コンベアを導入する際には、ワークの移動速度や運ばれてくる間隔に追従してロボットの稼働速度を調節する「コンベアトラッキング」という技術が必須です。この技術は大きく分けて以下の2パターンが存在します。
センサトラッキング
センサトラッキングは、ワークが不規則な間隔で一直線に並んで運ばれてくる場合にロボットの稼働を調整する方式です。コンベアに設置された「光電センサ」が、ワークが横切った際に発生する信号をトリガにして、ワークが流れてくるポイントやタイミングを逐次計算してロボットに追従させます。
ここで登場する光電センサも周辺機器の一種です。
ビジョントラッキング
ビジョントラッキングは、ワークが不規則な位置や姿勢で置かれて運ばれてくる場合にロボットの稼働を調整する方式です。こちらの方式では「視覚センサ」が画像認識でワークを検出した際の信号をトリガにします。
同じく周辺機器の視覚センサはトラッキング以外にも重要な役割をもつため、後ほど詳細を解説します。
事故を防ぐ安全柵(+エリアセンサ)
安全柵とは、文字通り産業用ロボットの周りに設置する柵を指し、作業範囲に人が侵入できないようにするための周辺機器です。安全柵だけでなく、人がロボットの作業範囲内に入っているときに設備を停止させるための「エリアセンサ」も必要になります。
産業用ロボットの使用には大きな事故を引き起こすリスクがあり、「労働安全衛生規則第150条の4」によって安全面への配慮が法的に義務づけられています。
労働安全衛生規則第150条の4
事業者は、産業用ロボットを運転する場合(教示等産業用ロボットの運転中を除く)において、産業用ロボットに接触することにより労働者に危険が生ずる恐れのあるときは、さく又は囲いを設ける等、危険を防止するために必要な処置を講じなければならない。

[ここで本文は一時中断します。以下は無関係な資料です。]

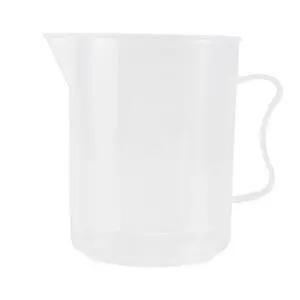 1000ml Transparent Graduated Beaker 1000ml Transparent Graduated Beaker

引用:『労働安全衛生規則 第2編 安全基準 第1章 機械による危険の防止』安全衛生情報センター
ただし、ロボットの定格出力が80Wを超えない場合や、適切なリスクアセスメントの結果「労働者に危険の生ずるおそれが無くなったと評価できるとき(※)」など、条件によっては産業用ロボットと人との協働作業が認められることもあります。
※平成25年12月24日付基発1224第2号通達より
参考記事:リスクアセスメントと産業用ロボット。気をつけるべき点とは?
自動でモノを判別する視覚センサ
視覚センサとは、カメラでとらえた視覚情報を処理することで、対象物の有無や違いを判別する周辺機器です。メーカーによっては「ビジョンセンサ」や「画像判別センサ」、「ロボットビジョン」など呼び方が異なります。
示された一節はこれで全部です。